В недельной главе “Тецаве” приводится весьма детальное описание первосвященнического одеяния, всех его элементов. И когда речь заходит о балахоне1, который поддевается под эфод, особое внимание (целый стих2 !) уделяется его вороту: “И будет его ворот внутрь него, кайма будет у его отверстия вокруг работы тканой, как ворот кольчуги будет у него, не порвется”. И Раши, объясняя смысл слов “не порвется”, пишет: “Чтобы не было разорвано, не рвалось; а тот, кто его разорвет, нарушит запрет, ибо это входит в число запретительных заповедей Торы. И так же “не сдвинется наперсник”3 [– также запрет], и так же “не должны отниматься от него”4, как сказано о шестах ковчега”.

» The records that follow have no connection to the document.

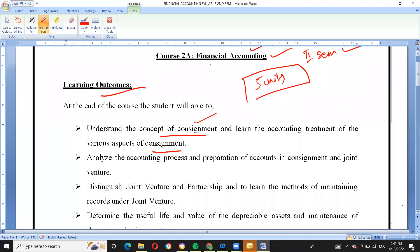Students will analyze the accounting process and preparation of accounts in consignment and joint venture. They will also distinguish between joint venture and partnership, and learn the methods of maintaining records in a joint venture.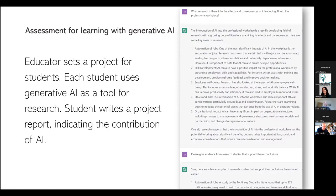Another way to use assessment for learning with generative AI: the educator sets a project for students and each student uses generative AI as a tool for research, then writes a project report indicating the contribution of AI. For example, I asked about the effects and consequences of introducing AI into the professional workplace, and it came back with five reasonable responses. I then asked: please give evidence from research studies that support these conclusions, and it came back with five different pieces of evidence. Of course, as I've said, they could be incorrect and you need to check each piece of evidence that ChatGPT provides, because it may be wrong — but as a tool for research, there are possibilities, providing you treat it critically.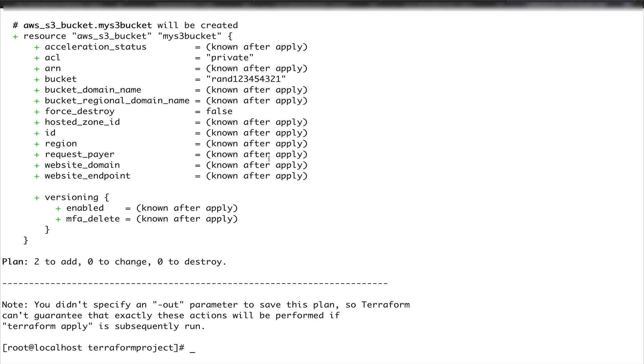I'll tell you something about the output variables. Output variables are basically nothing, they're just return values. So if you want to return something in any programming language, the similar thing you can do in Terraform using the output variables. We'll see an example of that as well. This is it for this video. Please do subscribe to the channel before leaving, and thank you for watching.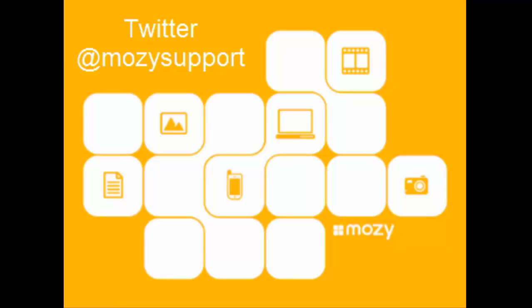That's it for now. Thank you for joining us in this tutorial. As always, if you have a quick question or need help, you can find us on Twitter at Mozy Support.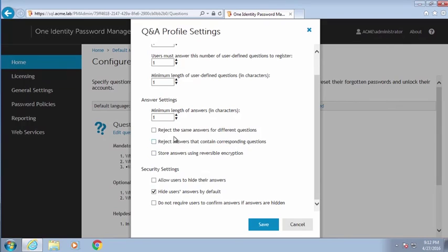We can also reject the same question being used for different questions, and we can reject answers that contain the corresponding question. Some people will try to answer the question with the same question — you can check that setting, which will force them to not be able to do that.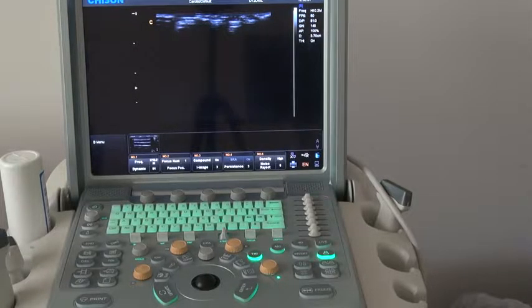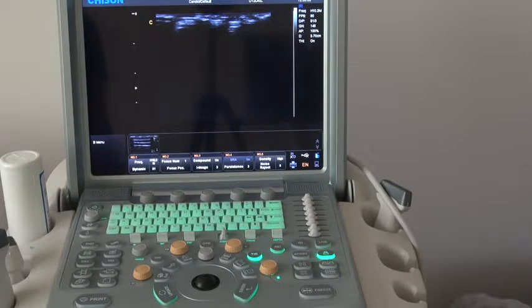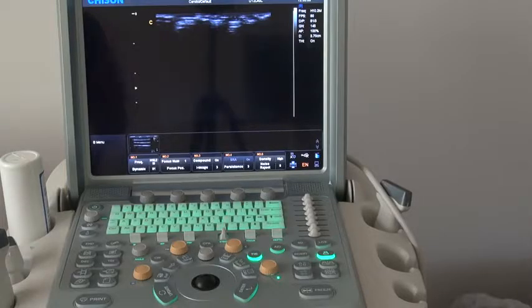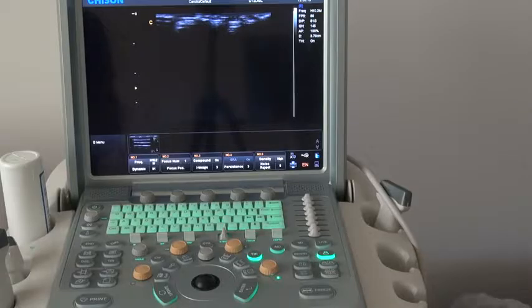Hi, this is Becky, the clinical specialist. First of all, I will show you how to open and find the cardiac functions. And next, I will show you the general operation for Q9.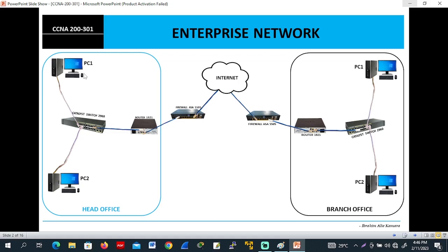PC1 can send packets from the head office to the branch office. The path goes: PC1 to switch, switch to router, router to firewall, firewall to internet, internet to the branch firewall, firewall to router, router to switch, switch to the end host. We now know what a switch is, the purpose of the switch, its functions, how switches work, and how routers work. This is a network.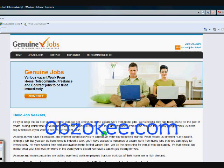Internet Explorer 8 is fairly new, and with new things, there are certain problems that may arise. In this case, there are formatting issues with older websites. Using GenuineJobs.com as an example, we're going to take a look at the formatting issue we encountered and how using the compatibility view built into Internet Explorer 8, we were able to overcome that formatting issue.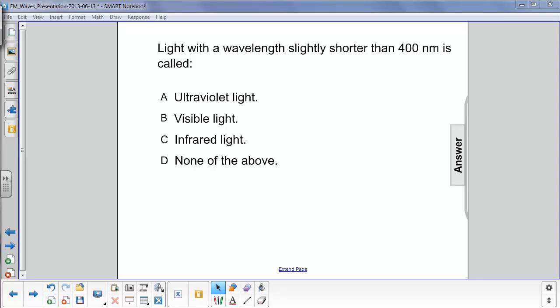Light with a wavelength slightly shorter than 400 nanometers is called: ultraviolet light, visible light, infrared light, or none of the above.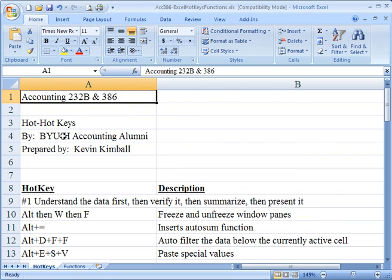I've provided you this Excel file. You should be able to access that through your Accounting 232B Instructure website. So you should already have this file in front of you, ready to go.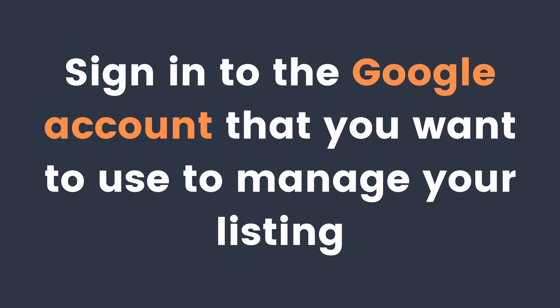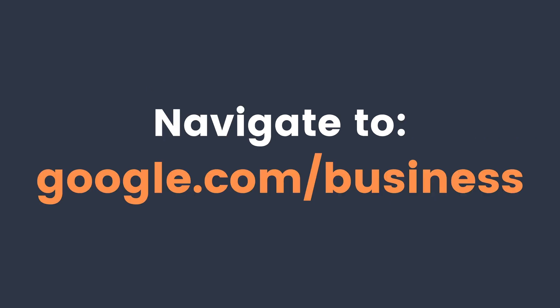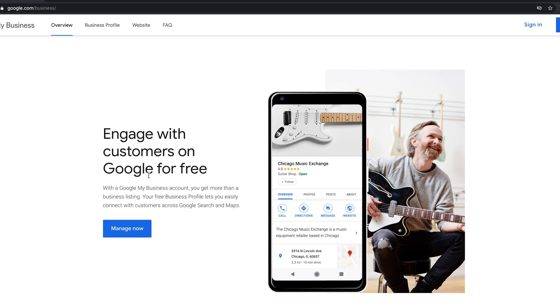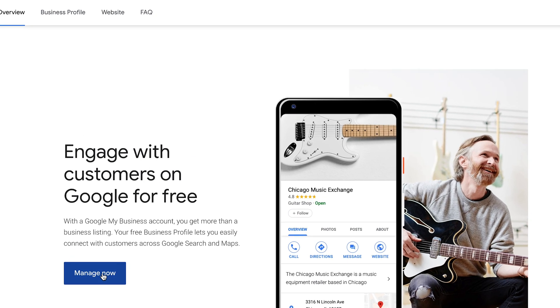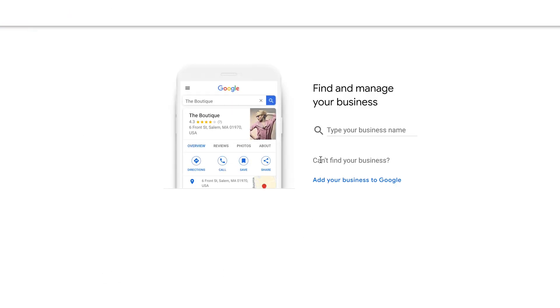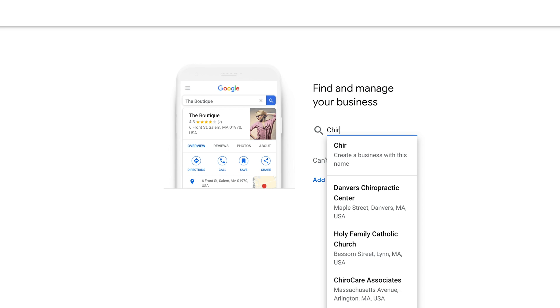So let's dive in. First, you want to make sure you're signed into the Google account that is going to manage this listing, and then navigate to www.google.com/business — I'll post this link down in the description below. Once there, click the 'Manage Now' button.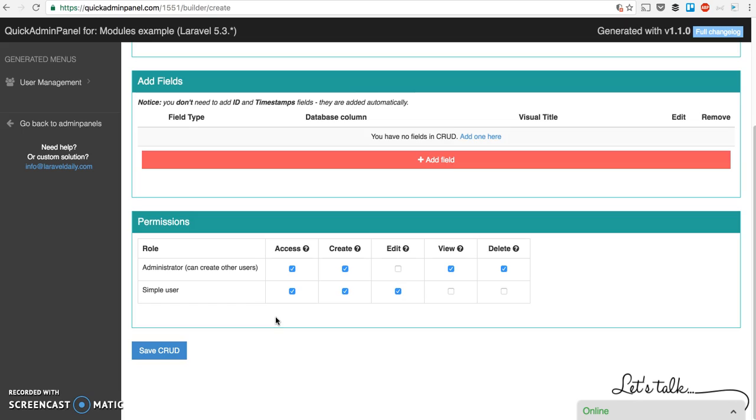In the background in terms of code, it actually generates all the Laravel code without any package. So there's no roles and permissions packages like Entrust or anything like that. It's core Laravel ACL. It's called ACL and it was available since...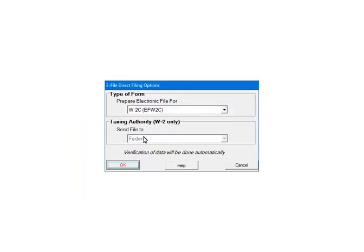The eFileDirect options include type of form and taxing authorities. Click the drop-down arrow in the type of forms section and select W2C. The taxing authority for the W2 forms is either federal or any state, including the District of Columbia. For this tutorial, we are selecting federal. Click OK to continue.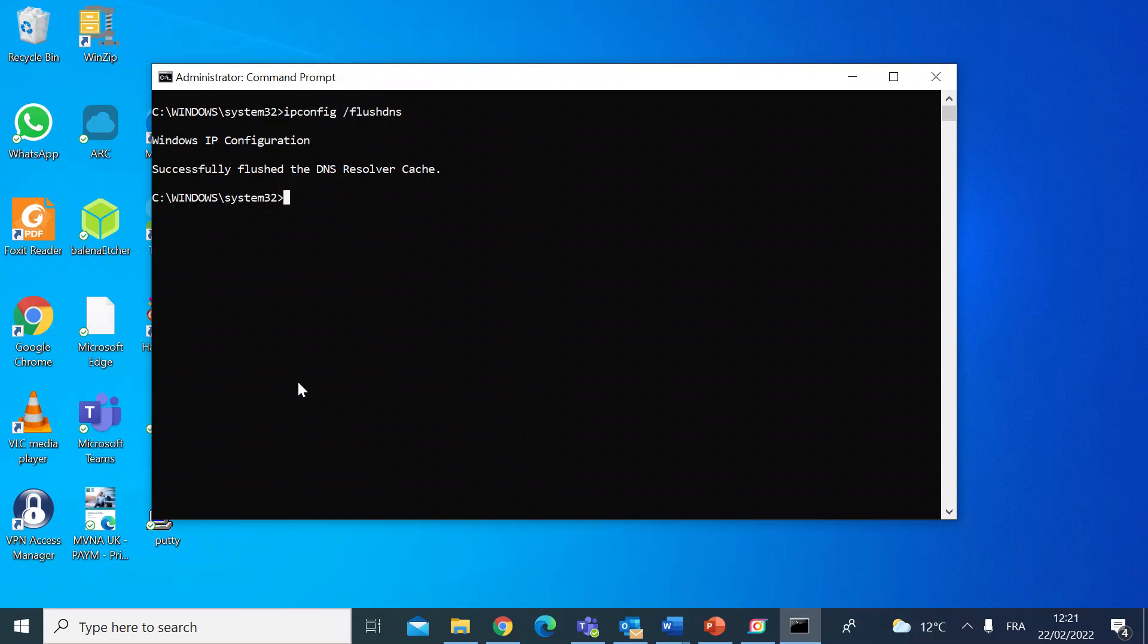And then you're good to go. There's quite a large range of ipconfig commands, so if you want to see what they are, type ipconfig space forward slash and question mark.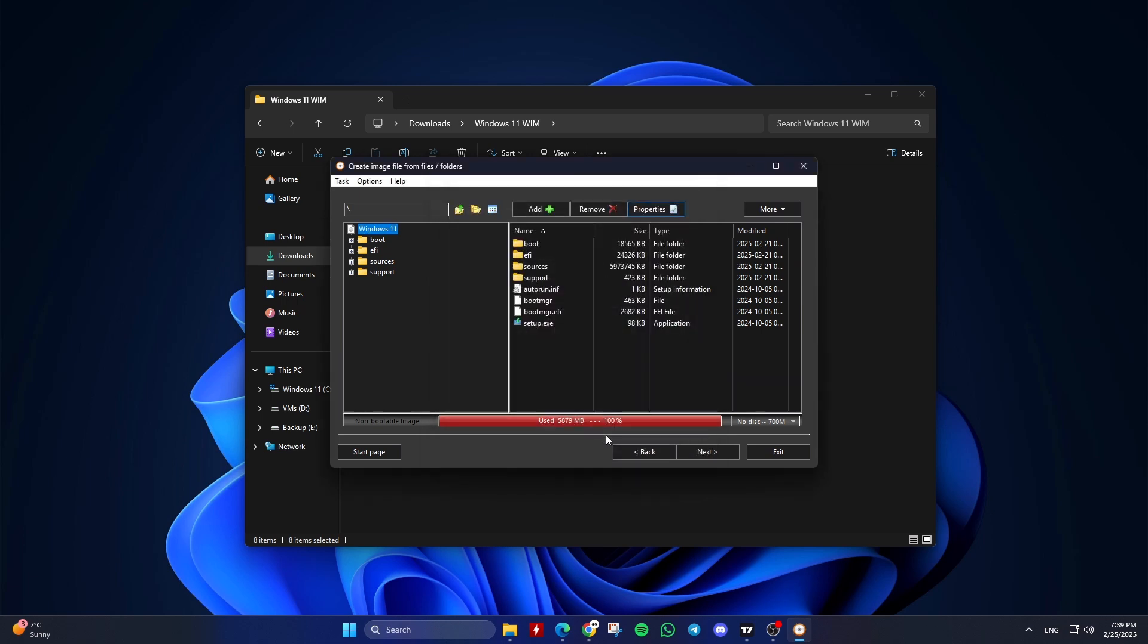You will need to browse for the boot image file, usually etfsboot.com for Windows files. Click on More, then Boot, then Add Boot Information.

На первый взгляд, Раши противоречит сам себе: он начинает своей комментарий с объяснения, что слова “не порвется” следует понимать в данном случае в значении “чтобы не разорвалось”, т. е. что речь идет о практическом, чтобы не сказать “бытовом”, соображении. О лайфхаке. Объяснение причины, по которой выше в стихе дается повеление сделать кайму на вороте, не более того. Но затем Раши вдруг объясняет, что эти слова представляют собой самостоятельную заповедь. А вовсе не объяснение смысла другой заповеди. Противоречие!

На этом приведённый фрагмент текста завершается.